▶ _WHAT IS EXPECTED_:
All the lines below should appear again unchanged, though their pictures should not.

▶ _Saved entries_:
-- -- --

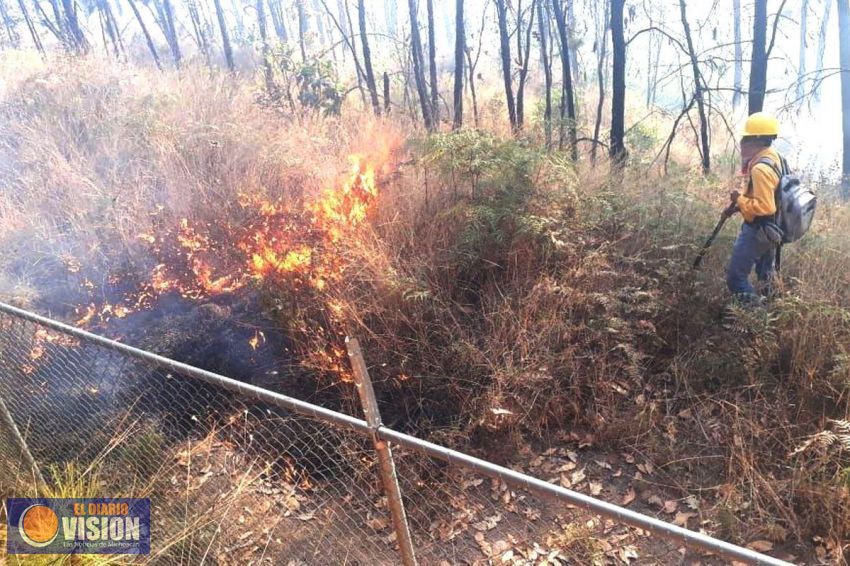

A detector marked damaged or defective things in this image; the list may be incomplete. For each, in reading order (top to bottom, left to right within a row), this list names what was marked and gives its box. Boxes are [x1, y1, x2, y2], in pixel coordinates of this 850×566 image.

rusty fence post [0, 398, 47, 494]
rusty fence post [344, 340, 418, 564]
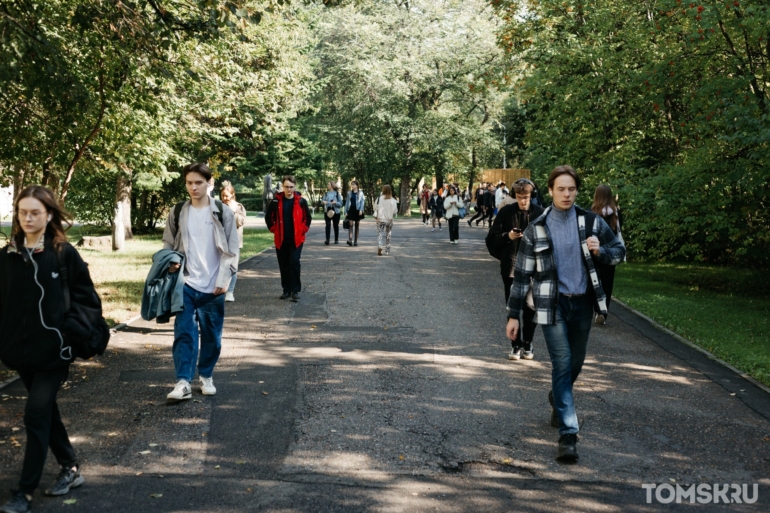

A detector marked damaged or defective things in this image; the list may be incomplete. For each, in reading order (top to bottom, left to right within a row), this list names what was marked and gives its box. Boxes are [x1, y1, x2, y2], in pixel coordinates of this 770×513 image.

cracked asphalt [1, 218, 768, 510]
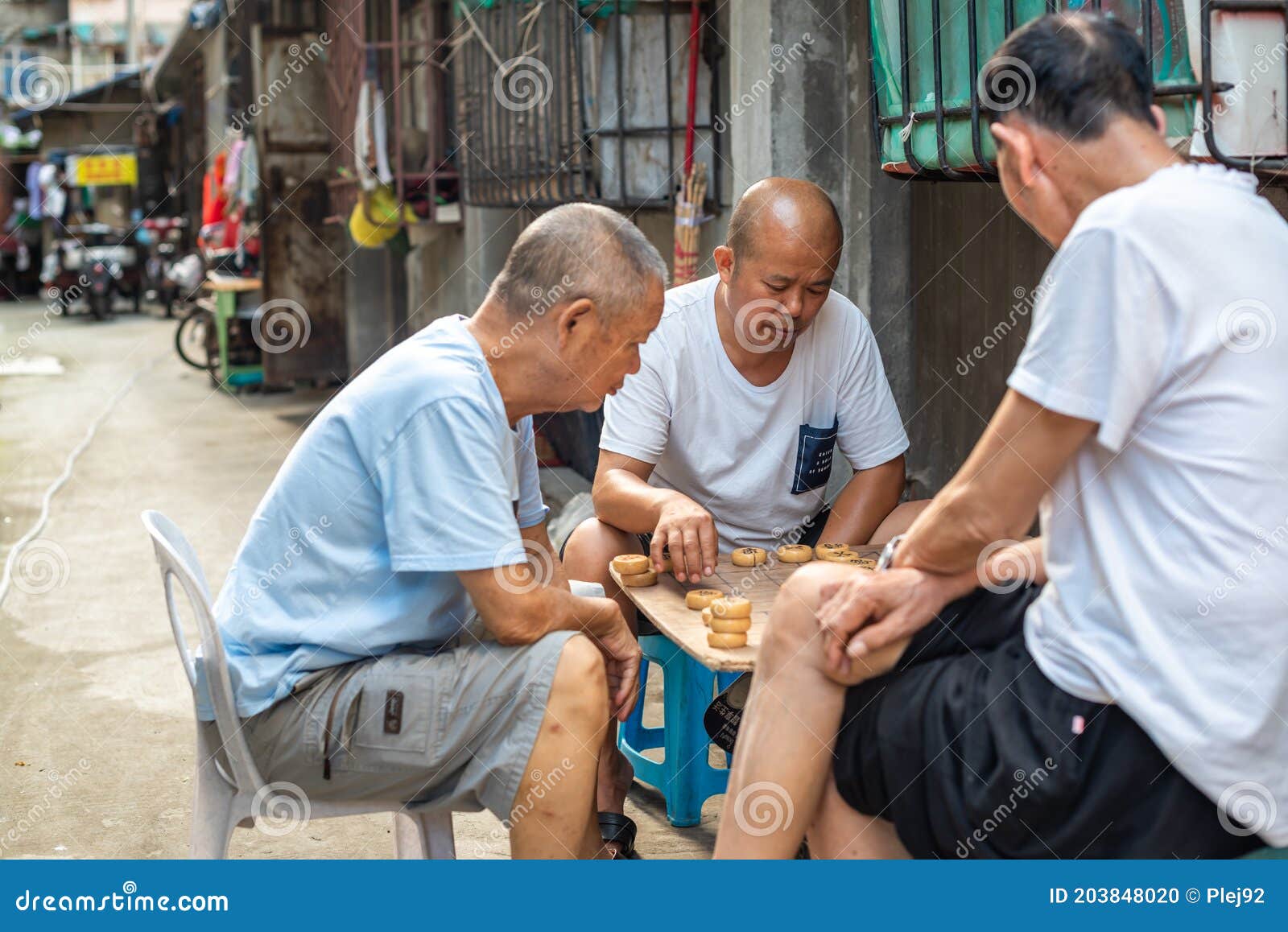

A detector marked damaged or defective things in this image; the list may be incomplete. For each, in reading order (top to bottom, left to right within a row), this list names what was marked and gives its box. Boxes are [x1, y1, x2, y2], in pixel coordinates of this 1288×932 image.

rusty metal door [254, 27, 348, 386]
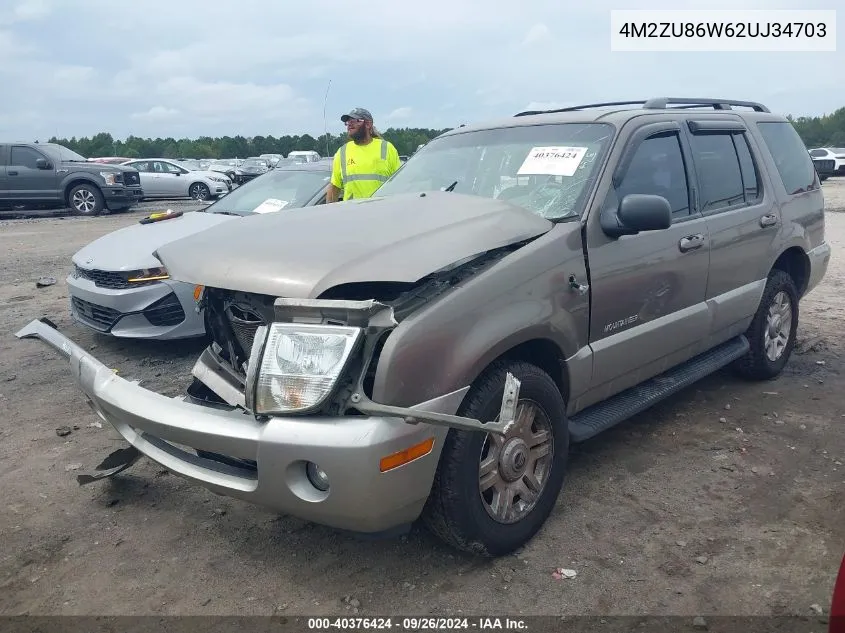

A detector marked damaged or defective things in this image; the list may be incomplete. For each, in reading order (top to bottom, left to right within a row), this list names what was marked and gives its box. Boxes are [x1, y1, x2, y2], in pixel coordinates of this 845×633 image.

crumpled hood [72, 211, 236, 270]
crumpled hood [155, 190, 556, 298]
broken headlight [252, 320, 362, 414]
damaged suv [16, 96, 828, 556]
detached front bumper [13, 318, 462, 532]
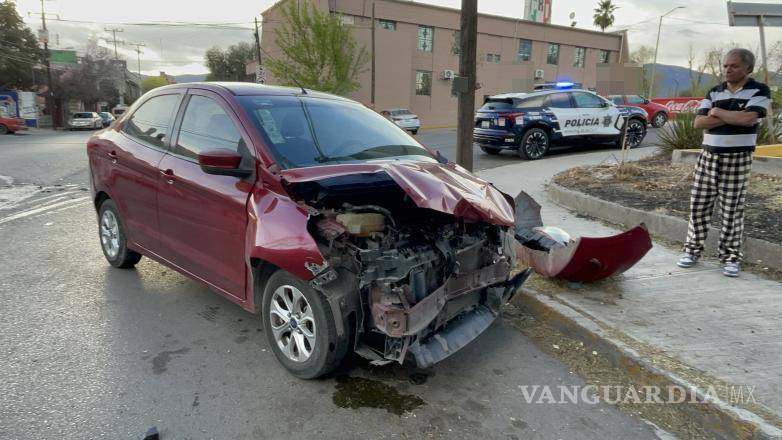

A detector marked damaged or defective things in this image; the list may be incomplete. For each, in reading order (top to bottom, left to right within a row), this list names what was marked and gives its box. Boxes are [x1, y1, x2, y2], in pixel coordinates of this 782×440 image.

damaged red sedan [90, 82, 532, 378]
detached bumper piece [516, 192, 656, 282]
detached bumper piece [410, 304, 496, 370]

-- -- --

▶ _ANSWER AREA_:
A detector marked damaged or defective things in this image; the list may be incomplete. For each, in reading order (top to bottom, left to right within a row), this list names what was marked and gives its box. Boxes are [x1, y1, x2, y2], in pixel coordinates of this 850×566 image.

rusty fence post [0, 398, 47, 494]
rusty fence post [344, 340, 418, 564]

A detector marked damaged or defective things in this image; the list may be incomplete. For each, in reading order (top to bottom, left to right within a row), this list names what was marked and gives its box. Boxes are [x1, y1, x2, y2], in pixel coordinates of this 770×513 image.

cracked asphalt [1, 218, 768, 510]

A detector marked damaged or defective things in this image; the list may be incomplete. For each, in reading order (top to bottom, left to right within a row), this list names what was marked and gives its box. Boxes are [x1, y1, x2, y2], in pixel coordinates of this 1288×932 image.

rusty metal door [254, 27, 348, 386]

A detector marked damaged or defective things in this image; the list may be incomplete. For each, in reading order (top to bottom, left to right within a row), this list names what was marked and gives its box. Boxes are [x1, y1, x2, y2], in pixel coordinates of this 845×633 image.

crumpled hood [72, 211, 236, 270]
crumpled hood [155, 190, 556, 298]
broken headlight [252, 320, 362, 414]
damaged suv [16, 96, 828, 556]
detached front bumper [13, 318, 462, 532]

A detector marked damaged or defective things in this image; the list may be incomplete. For each, in reading order (top to bottom, left to right within a row), this list names what was marked and gives its box. Boxes are [x1, y1, x2, y2], in pixel coordinates of this 782×440 image.

damaged red sedan [90, 82, 532, 378]
detached bumper piece [516, 192, 656, 282]
detached bumper piece [410, 304, 496, 370]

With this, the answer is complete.